See also Duvoisin v. Kennerly, Montgomery, Howard & Finley (In re Southern Industr. Banking Corp.), 99 B.R. 827, 839 (Bankr.E.D.Tenn.1989). It therefore appears that Dey was either a mediate or an immediate transferee within the meaning of § 550(a)(2).
In order to recover from Dey as a mediate or immediate transferee, the plaintiff has the burden of proving that Dey did not take the transfer for value and in good faith, and that he had knowledge of the voidability of the transfer. See § 550(b)(1); Sarasota Plaza Assoc. Ltd. Partnership v. Trupin (In re Sarasota Plaza Assoc. Ltd. Partnership), 105 B.R. 109, 110 (Bankr.M. D.Fla.1989); In re Instrument Sales & Serv., Inc., supra, 99 B.R. at 746; DeRochfort Co. Ltd. v. Sunshine State Bank (In re DeRochfort Co. Ltd.), 22 B.R. 826, 827 (Bankr.S.D.Fla.1982). The plaintiff has not offered a scintilla of evidence to satisfy that burden and appears to have completely ignored the § 550 issue. Dey, on the other hand, presented testimony that KOD did not know that the debtor planned to file a petition and that the transfer to KOD was for value, i.e., that it was fair compensation for hours of legal services actually performed.
For the foregoing reasons, IT IS ORDERED that judgment enter in favor of Dey.
[1] The plaintiff's claims against the defendants Robert W. Breck and Edward J. Fennell have been settled, leaving Dey as the sole defendant.
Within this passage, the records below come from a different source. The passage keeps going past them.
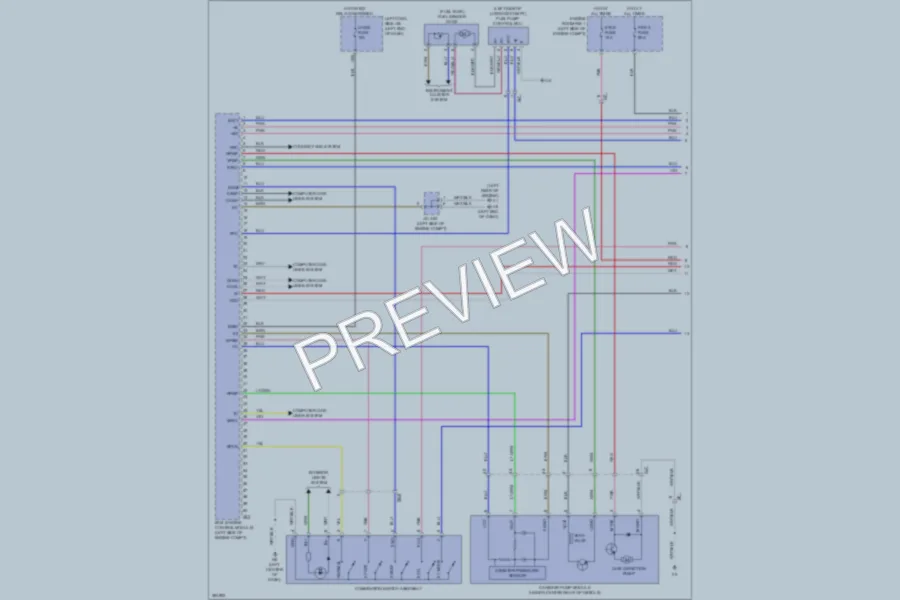 2013 Lexus GS450h Engine Performance wiring diagram preview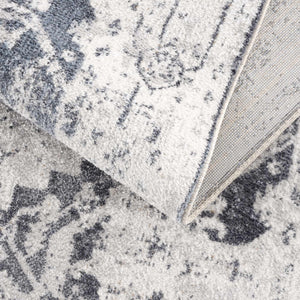 Hera Ivory Flat Pile Washable Rug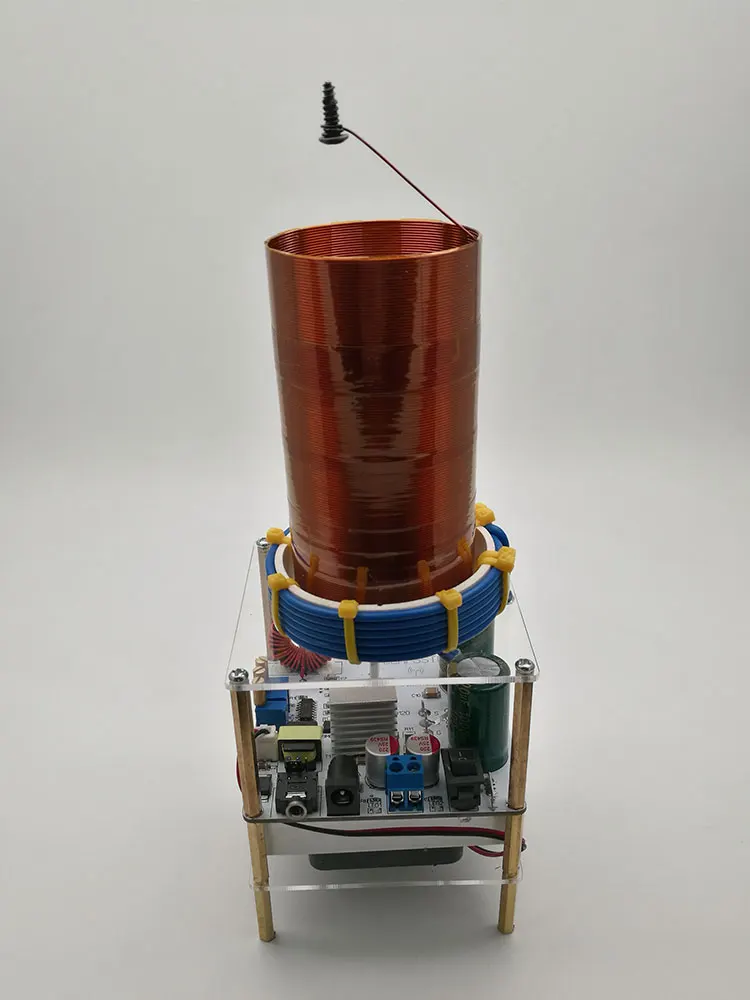 PLLSSTC Tesla Coil High Frequency High Voltage High Power Arc Playable Music TC Lightning Pyrotechnics AC-P101
PLLSSTC Tesla Coil High Frequency High Voltage High Power Arc Playable Music TC Lightning Pyrotechnics AC-P101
The evidence, however, has disclosed that Dey deposited the garnished fund less sheriff Fennell's fee into KOD's trustee account and that the fund less Breck's share is now held by KOD.
[2] Code § 547(b) provides:
Except as provided in subsection (c) of this section, the trustee may avoid any transfer of an interest of the debtor in property
(1) to or for the benefit of a creditor;
(2) for or on account of an antecedent debt owed by the debtor before such transfer was made;
(3) made while the debtor was insolvent;
(4) made
(A) on or within 90 days before the date of the filing of the petition; or
(B) between ninety days and one year before the date of the filing of the petition, if such creditor at the time of such transfer was an insider; and
(5) that enables such creditor to receive more than such creditor would receive if
(A) the case were a case under chapter 7 of this title;
(B) the transfer had not been made; and
(C) such creditor received payment of such debt to the extent provided by the provisions of this title.
[3] A charging lien is "a lien placed upon any money recovery or fund due the client at the conclusion of suit." Marsh, Day & Calhoun v. Solomon, 204 Conn. 639, 643, 529 A.2d 702 (1987). See also In re Knudsen Bros. Dairy, Inc., 24 B.R. 418, 420-21 (Bankr.D.Conn.1982) (in certain circumstances "by Connecticut Common law, an equitable attorney's lien attaches to the [judgment or] settlement proceeds which relates back to the fee agreement. . . . Such a lien survives bankruptcy.").